More recently, dental clinical journal articles have started to describe the use of randomized three-dimensional shapes being placed strategically between dental implants in the mouth in order to act as a bridge for the intraoral scanner as it accurately captures the positions of the dental implants. These articles show a trend toward increased accuracy when these three-dimensional shapes are used. Most of the journal articles describe custom made scanning appliances that are fabricated to fit the patient and are attached to the gum tissue. While the articles do describe some effectiveness of these custom appliances, cost and scale become an issue when considering market viability. Additionally, gum tissue and the presence of saliva and blood are not the best conditions for any kind of appliance that needs to be scanned with absolutely no movement whatsoever. Interestingly, there is no single article published that objectively defines the fit of a prosthesis with any sort of measurement parameters. There is only highly subjective clinical observation by well-trained clinicians. Their opinion of a passively fitting prosthesis is the only criteria by which these studies have been able to measure success by.
JP2018504970A teaches a custom designed and fabricated “trial part,” a jig that screws onto implant sites and provides a scannable structure for improving the accuracy and precision of intraoral scans. The trial part has four posts that serve as scannable structures. The trial part can also have two-dimensional and three-dimensional structure extending between two implants that can be separated and rejoined back together in order to passively fit on to each of the implants as one piece before scanning. JP2018504970A fails to teach a dental device that can be assembled in different configurations to universally fit different sized arches.

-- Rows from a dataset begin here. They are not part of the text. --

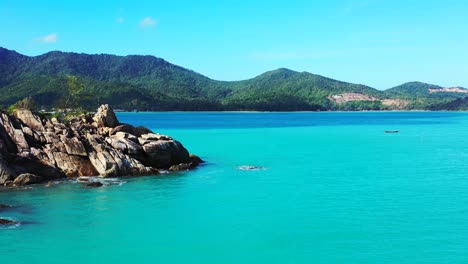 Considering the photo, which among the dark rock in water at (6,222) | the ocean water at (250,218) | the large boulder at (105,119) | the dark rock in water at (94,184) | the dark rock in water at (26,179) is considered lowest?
the ocean water at (250,218)

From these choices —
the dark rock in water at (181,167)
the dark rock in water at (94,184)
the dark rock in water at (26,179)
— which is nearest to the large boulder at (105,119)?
the dark rock in water at (181,167)

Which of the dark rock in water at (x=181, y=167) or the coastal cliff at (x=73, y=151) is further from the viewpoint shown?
the dark rock in water at (x=181, y=167)

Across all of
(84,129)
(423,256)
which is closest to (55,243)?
(423,256)

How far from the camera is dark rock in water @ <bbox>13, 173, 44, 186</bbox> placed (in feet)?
122

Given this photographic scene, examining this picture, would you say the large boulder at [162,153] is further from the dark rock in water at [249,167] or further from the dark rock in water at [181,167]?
the dark rock in water at [249,167]

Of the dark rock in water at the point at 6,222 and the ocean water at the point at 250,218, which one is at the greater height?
the dark rock in water at the point at 6,222

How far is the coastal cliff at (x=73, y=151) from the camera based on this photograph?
131 feet

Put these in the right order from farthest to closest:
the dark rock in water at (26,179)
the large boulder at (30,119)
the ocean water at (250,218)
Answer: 1. the large boulder at (30,119)
2. the dark rock in water at (26,179)
3. the ocean water at (250,218)

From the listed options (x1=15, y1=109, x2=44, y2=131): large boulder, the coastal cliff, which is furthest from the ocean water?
(x1=15, y1=109, x2=44, y2=131): large boulder

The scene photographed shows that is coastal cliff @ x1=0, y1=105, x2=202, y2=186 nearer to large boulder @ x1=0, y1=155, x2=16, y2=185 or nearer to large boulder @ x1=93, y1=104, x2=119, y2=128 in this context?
large boulder @ x1=0, y1=155, x2=16, y2=185

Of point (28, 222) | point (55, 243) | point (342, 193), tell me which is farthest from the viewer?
point (342, 193)

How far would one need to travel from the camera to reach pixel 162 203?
32.8 metres

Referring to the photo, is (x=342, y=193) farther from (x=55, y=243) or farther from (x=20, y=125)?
(x=20, y=125)

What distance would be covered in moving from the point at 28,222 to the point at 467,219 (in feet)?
86.4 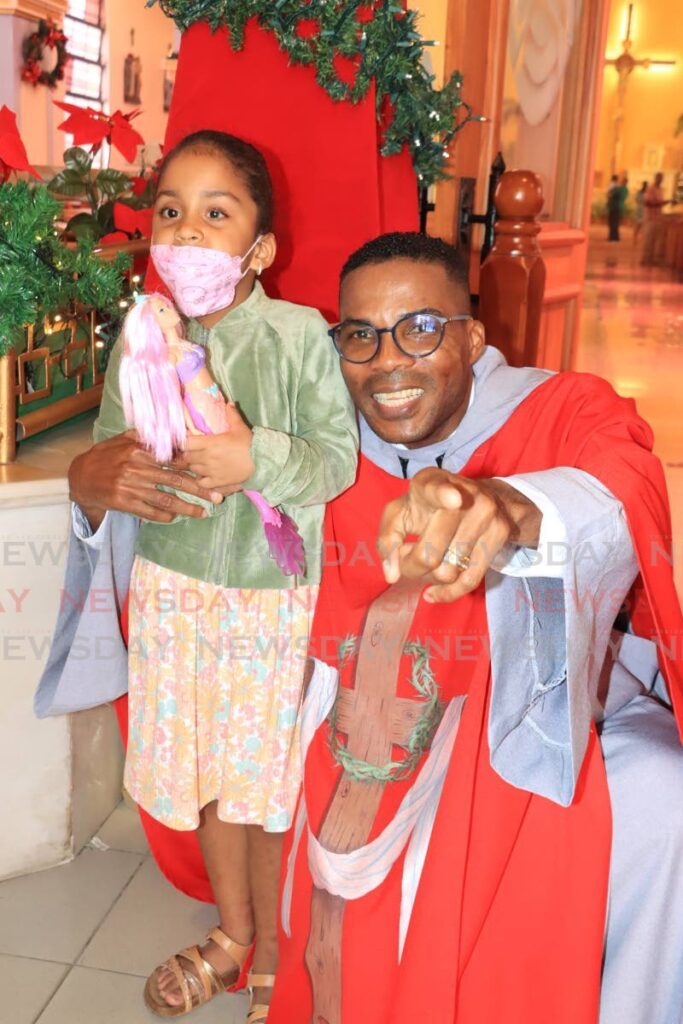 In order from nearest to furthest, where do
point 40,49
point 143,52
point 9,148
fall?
point 9,148 < point 40,49 < point 143,52

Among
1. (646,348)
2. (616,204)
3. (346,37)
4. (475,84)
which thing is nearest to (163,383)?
(346,37)

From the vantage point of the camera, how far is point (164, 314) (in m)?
1.32

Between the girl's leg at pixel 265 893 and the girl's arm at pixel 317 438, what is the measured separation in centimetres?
64

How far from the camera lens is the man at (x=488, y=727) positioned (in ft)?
4.41

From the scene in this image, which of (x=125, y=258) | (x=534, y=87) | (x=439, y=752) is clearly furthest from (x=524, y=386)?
(x=534, y=87)

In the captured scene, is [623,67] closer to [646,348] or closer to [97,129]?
[646,348]

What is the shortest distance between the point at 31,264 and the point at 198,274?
1.64ft

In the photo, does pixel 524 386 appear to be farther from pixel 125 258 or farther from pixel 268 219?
pixel 125 258

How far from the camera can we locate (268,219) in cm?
152

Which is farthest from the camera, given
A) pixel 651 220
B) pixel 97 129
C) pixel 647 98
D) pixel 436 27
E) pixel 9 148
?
Answer: pixel 647 98

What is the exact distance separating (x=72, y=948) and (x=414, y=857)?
81 centimetres

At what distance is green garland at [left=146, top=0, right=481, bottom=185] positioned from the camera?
1.75 m

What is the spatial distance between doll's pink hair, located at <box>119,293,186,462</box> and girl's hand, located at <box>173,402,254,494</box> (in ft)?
0.12

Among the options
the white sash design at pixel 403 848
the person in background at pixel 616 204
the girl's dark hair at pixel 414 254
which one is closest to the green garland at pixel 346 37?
the girl's dark hair at pixel 414 254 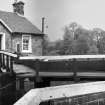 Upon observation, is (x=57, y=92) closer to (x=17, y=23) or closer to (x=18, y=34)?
(x=18, y=34)

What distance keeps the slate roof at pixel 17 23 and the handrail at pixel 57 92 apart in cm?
1809

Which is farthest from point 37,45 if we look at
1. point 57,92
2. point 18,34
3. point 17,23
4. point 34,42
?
point 57,92

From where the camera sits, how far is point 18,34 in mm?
21156

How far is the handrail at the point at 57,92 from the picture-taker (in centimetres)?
221

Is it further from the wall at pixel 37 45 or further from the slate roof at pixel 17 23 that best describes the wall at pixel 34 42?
the slate roof at pixel 17 23

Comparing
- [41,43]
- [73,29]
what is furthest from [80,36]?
[41,43]

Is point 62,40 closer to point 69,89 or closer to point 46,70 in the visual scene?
point 46,70

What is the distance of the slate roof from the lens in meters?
21.7

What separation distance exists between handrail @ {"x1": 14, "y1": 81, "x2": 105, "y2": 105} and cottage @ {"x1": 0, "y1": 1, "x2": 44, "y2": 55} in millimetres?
16121

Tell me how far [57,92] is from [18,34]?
18847mm

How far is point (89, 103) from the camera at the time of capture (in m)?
3.03

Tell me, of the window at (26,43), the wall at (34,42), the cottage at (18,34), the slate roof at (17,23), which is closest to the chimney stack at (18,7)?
the cottage at (18,34)

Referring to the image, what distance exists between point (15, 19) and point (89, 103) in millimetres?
21405

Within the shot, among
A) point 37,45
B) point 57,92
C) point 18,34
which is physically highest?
point 18,34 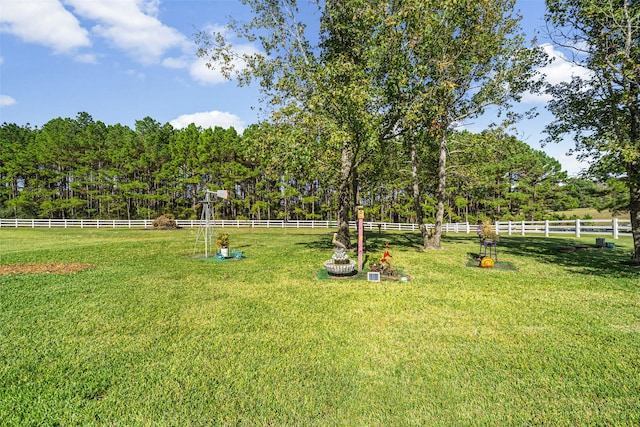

U.S. Ser. No. 10/136,969 teaches an orientation appliance that is worn during intraoral scanning and X-ray scanning to provide reference points for full denture restorations. The device is used to gather vertical dimension of occlusion, centric relation, centric occlusion, esthetic parameters, phonetics, and function of the final restoration. The appliance also includes a radiopaque marker. The orientation appliance can be made from one single piece or assembled from separate pieces. U.S. Ser. No. 10/136,969 fails to teach a dental device that universal fits different sized arches. U.S. Ser. No. 10/136,969 also fails to provide details regarding the occlusal surfaces of the orientation appliance or using 3-dimensional geometric shapes to facilitate an intraoral scan.
U.S. Ser. No. 10/363,115 teaches a custom designed and fabricated base frame 400 that can be used as a fiducial marker/scan appliance. It has scan bodies 1102 and other superstructure 1304 a that provide reference points for joining sequential scans together. In other configurations, a base frame 200 can be removable from a surgical guide superstructure 400. U.S. Ser. No. 10/363,115 fails to teach a dental device that can be universally sized and fitted to an arch without any prior scans or measurements.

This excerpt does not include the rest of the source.